Image-caption web data

┄┄┄┄┄┄┄┄┄┄┄┄┄┄┄┄┄┄┄┄

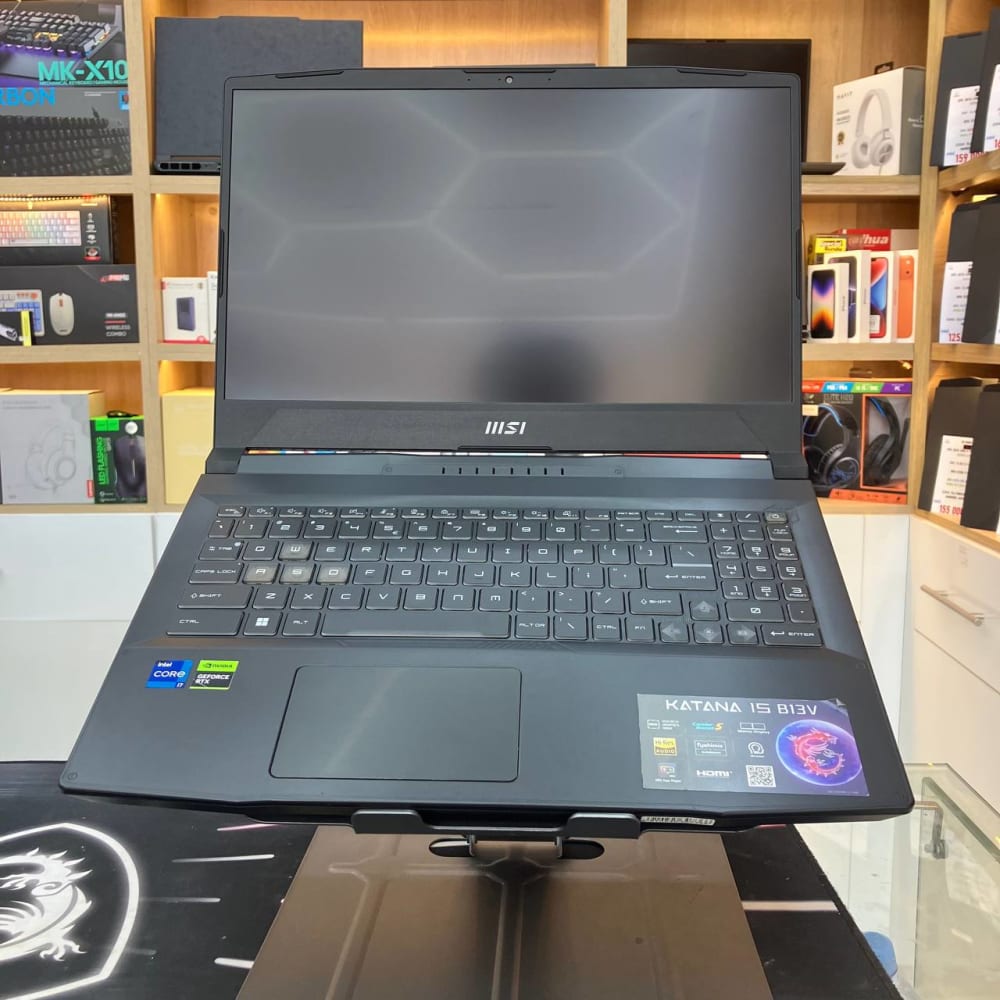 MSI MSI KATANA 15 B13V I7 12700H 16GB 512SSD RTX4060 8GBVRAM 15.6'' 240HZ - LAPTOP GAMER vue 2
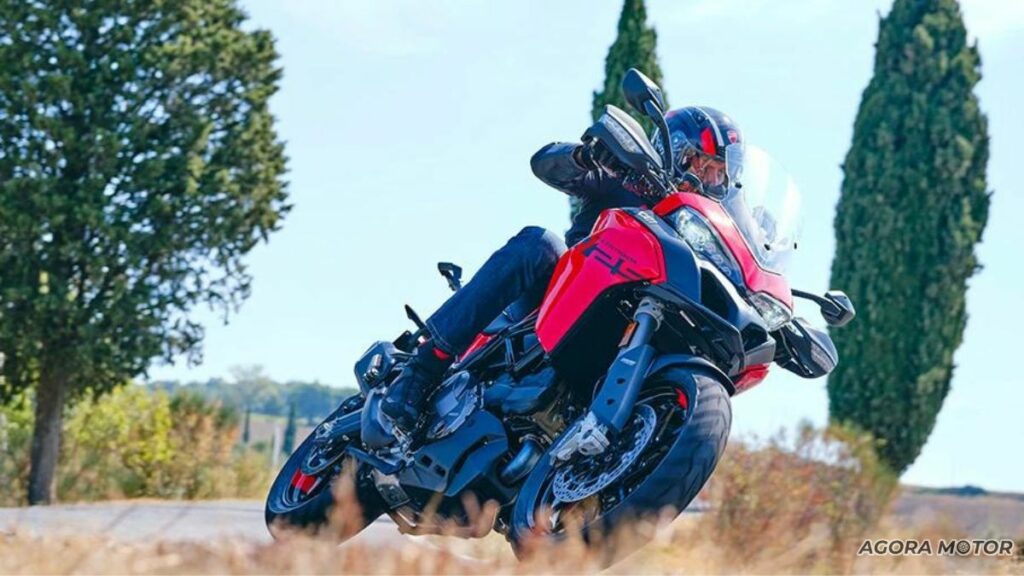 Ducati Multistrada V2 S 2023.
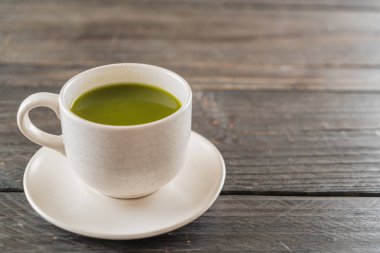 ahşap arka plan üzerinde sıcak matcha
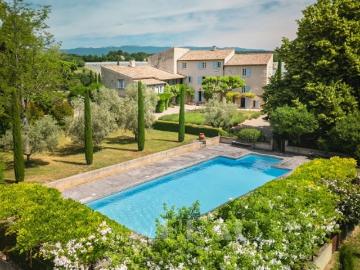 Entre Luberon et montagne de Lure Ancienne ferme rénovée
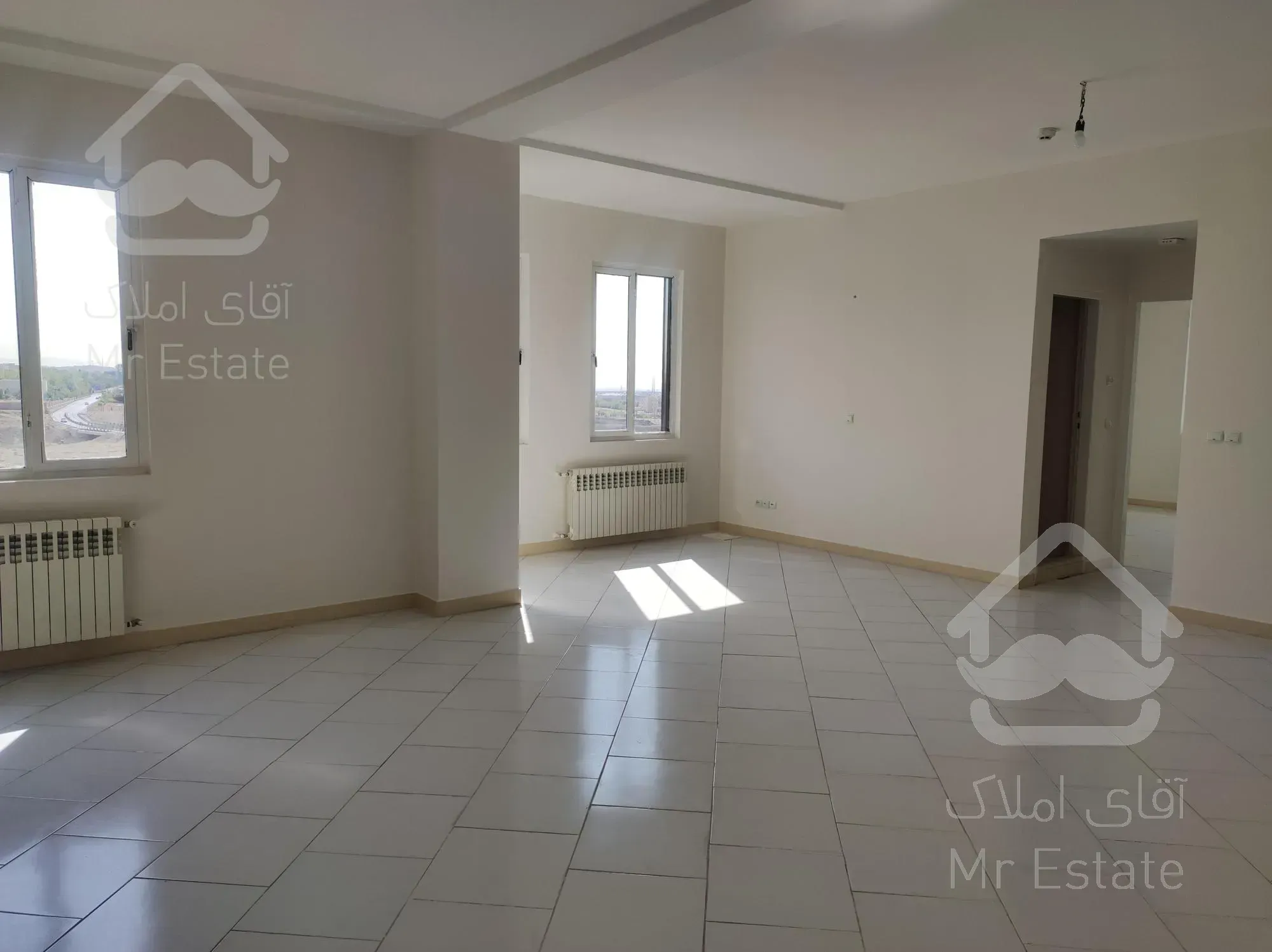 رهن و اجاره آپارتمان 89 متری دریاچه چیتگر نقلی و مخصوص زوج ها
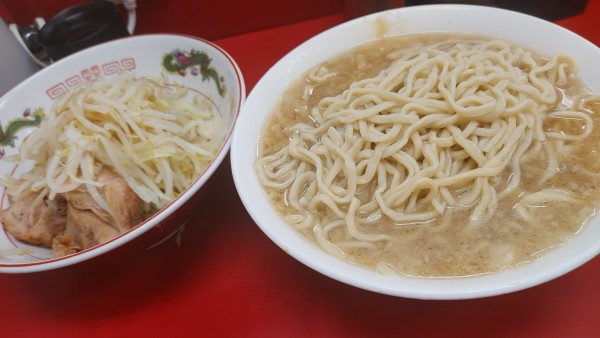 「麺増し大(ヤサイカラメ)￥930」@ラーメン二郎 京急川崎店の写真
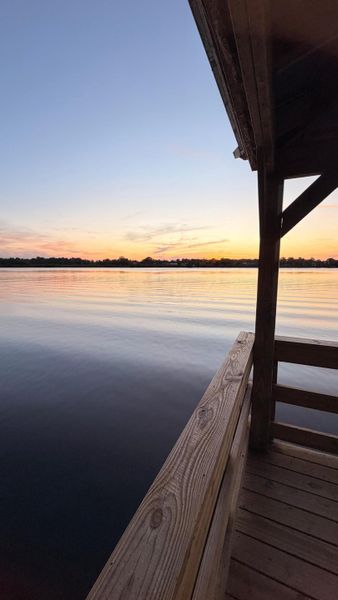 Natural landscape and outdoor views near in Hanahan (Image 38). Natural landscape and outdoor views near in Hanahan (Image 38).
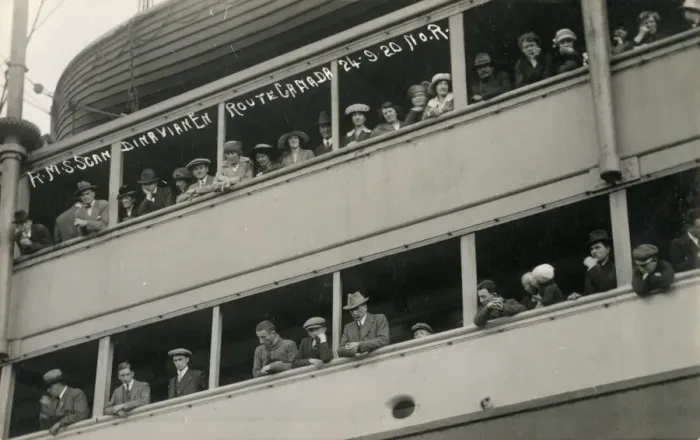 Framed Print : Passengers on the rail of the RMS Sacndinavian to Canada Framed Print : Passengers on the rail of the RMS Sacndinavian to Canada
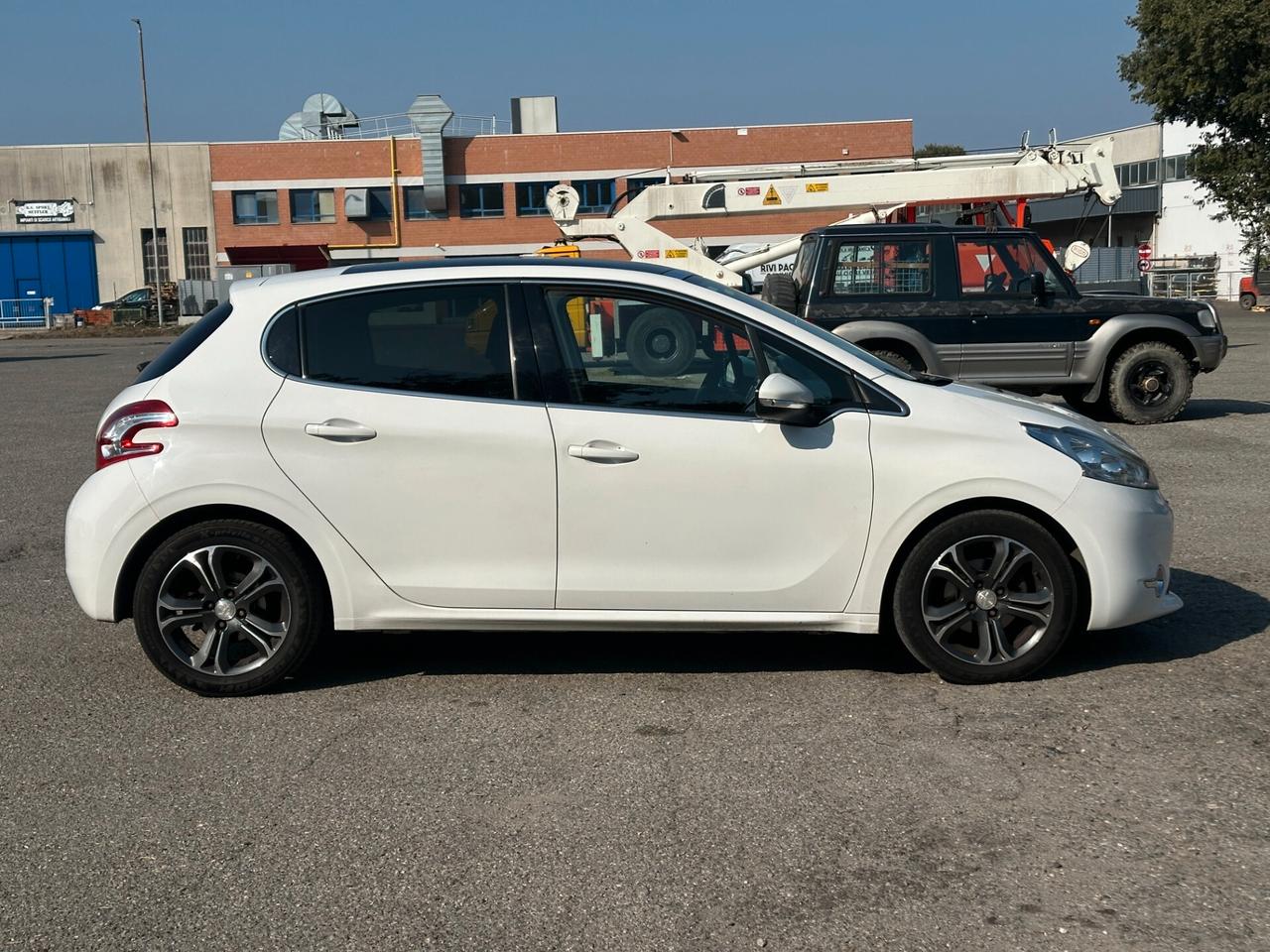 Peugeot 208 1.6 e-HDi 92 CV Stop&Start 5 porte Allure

┄┄┄┄┄┄┄┄┄┄┄┄┄┄┄┄┄┄┄┄

▸ THE PROBLEM:
Go through the records above and write out every line exactly, passing over the pictures.

▸ SOLUTION TO THE EXERCISE:
 MSI MSI KATANA 15 B13V I7 12700H 16GB 512SSD RTX4060 8GBVRAM 15.6'' 240HZ - LAPTOP GAMER vue 2
 Ducati Multistrada V2 S 2023.
 ahşap arka plan üzerinde sıcak matcha
 Entre Luberon et montagne de Lure Ancienne ferme rénovée
 رهن و اجاره آپارتمان 89 متری دریاچه چیتگر نقلی و مخصوص زوج ها
 「麺増し大(ヤサイカラメ)￥930」@ラーメン二郎 京急川崎店の写真
 Natural landscape and outdoor views near in Hanahan (Image 38). Natural landscape and outdoor views near in Hanahan (Image 38).
 Framed Print : Passengers on the rail of the RMS Sacndinavian to Canada Framed Print : Passengers on the rail of the RMS Sacndinavian to Canada
 Peugeot 208 1.6 e-HDi 92 CV Stop&Start 5 porte Allure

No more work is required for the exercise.